65Tagebuch 06. X. 1952 – 03. VIII. 1955 [Analyseprotokolle] [Rudolf Carnap: Tagebücher], Eintrag Fr 5. XI. 1954

Ich berichte: Durch den jerk im Rücken am 1. (siehe oben) war ich erschreckt, und abends etwas down; Ina tröstete mich mit Zärtlichkeit, und zusammen, dadurch entspannt. Am 2. war mein Seminar; da ging es ganz gut. Aber am 3. etwas Fieber (bis 100.8); am 4.6. ohne Fieber, nur etwas müde; also keine richtige Flu, vielleicht nur „arrangiert“, um 2 ruhige Tage im Bett zu haben. –Als Kind „Buchführung“: vielleicht können Sünden durch gute Taten ausgelöscht werden. – Ich berichte , wie ich den Fluch gegen die Mutter an die Wand schrieb und dann eingestand. – Dann mit Oheim Siebel, wo ich falsch gesagt hatte „nein“; wochenlang darunter gelitten, und endlich ihm gebeichtet.

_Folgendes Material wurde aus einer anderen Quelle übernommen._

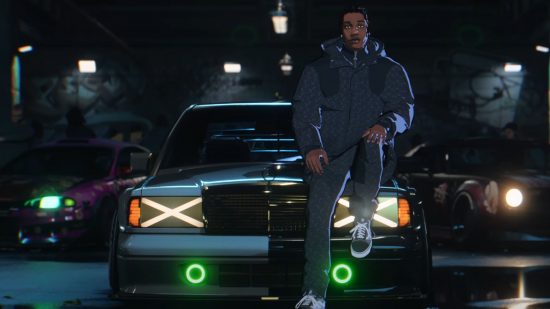 Need For Speed Unbound: ASAP Rocky can be seen on a car hood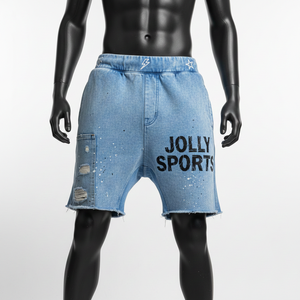 Shorts de mezclilla para hombre con lavado ácido, tela de algodón premium de 320 GSM, color azul claro vintage, estampado serigrafiado, logotipo personalizado, shorts para hombre con lavado ácido. - Product Image 6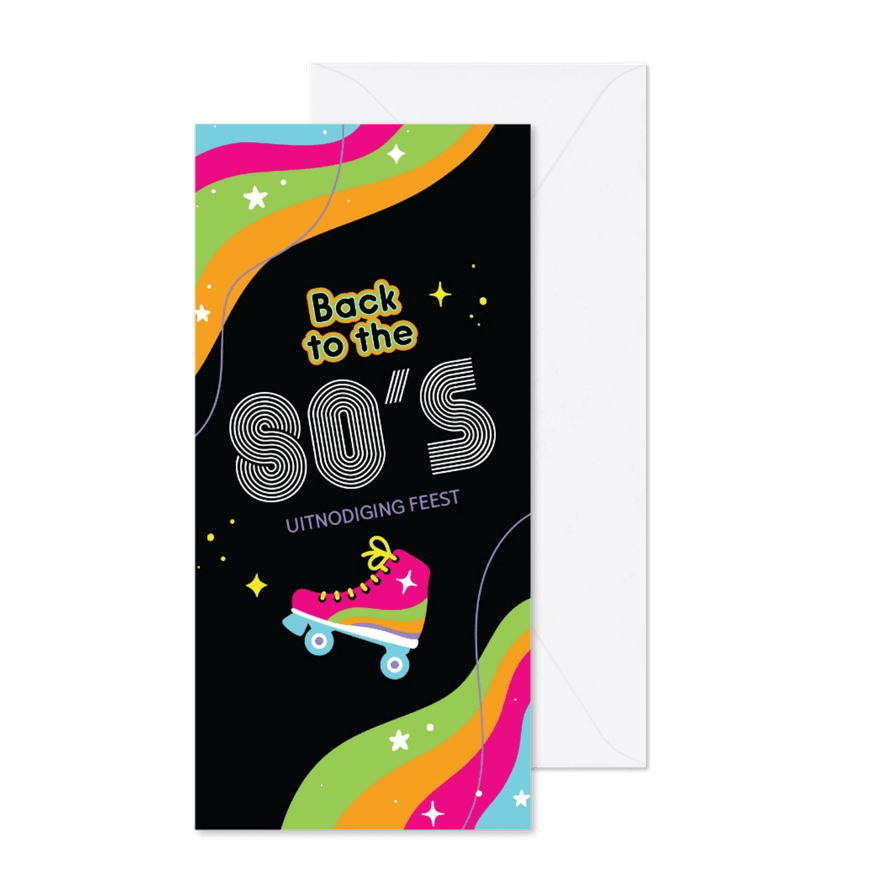 Uitnodiging eighties party 80's feest disco themafeest - Kaartimpressie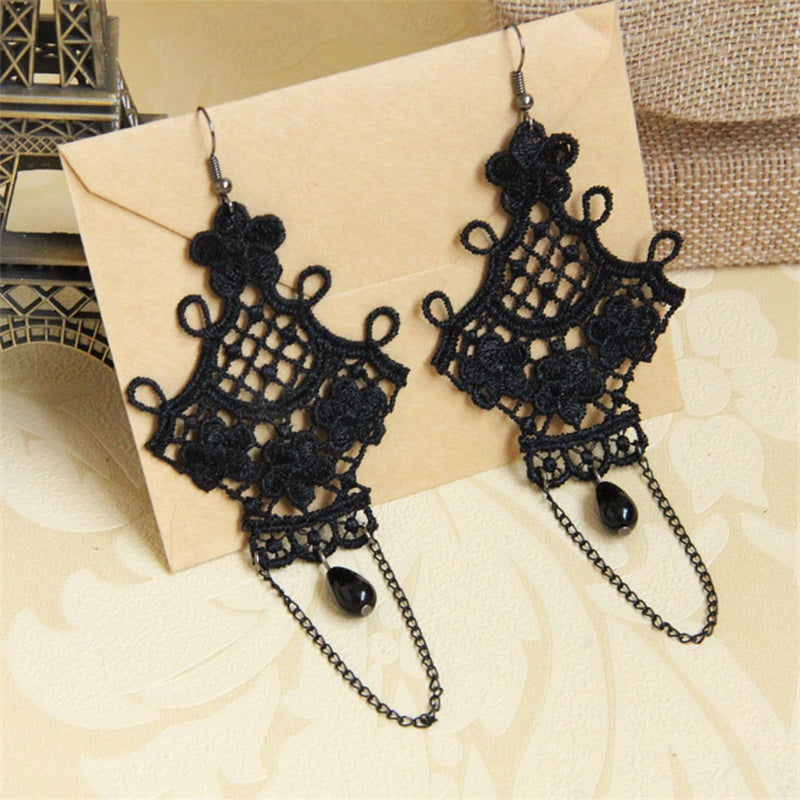 Vintage Vampire Black Tassel Earrings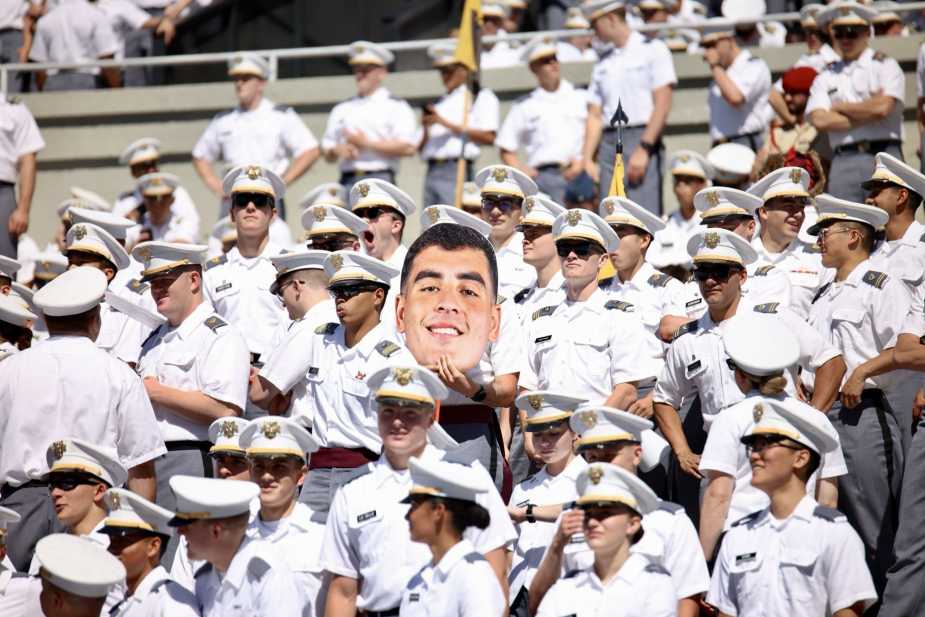9/20/25, West Point , New York , Michie Stadium, Army’s Corps of Cadets looked on from the cadet section during the matchup with North Texas. Mandatory Credit: Jose Pichirilo. Bad Dawg Sports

Der Doktor sagt: Hier sieht man, wie ich Scheu und Furcht vor dem „Vater“ hatte, aber das Gewissen in mir selbst strenger machte, als der Vater gewesen war; ich needed einen Vater, denn die anderen bauten sich nicht so ein überstrenges Gewissen auf, weil sie sich stattdessen mit dem wirklichen Vater auseinandersetzten; ich sagte früher, dass ich in späterer Zeit moralisch und sexuell mich frei fühlte; aber dieses strenge Gewissen blieb doch wohl immer da und macht mir auch jetzt noch Schwierigkeiten.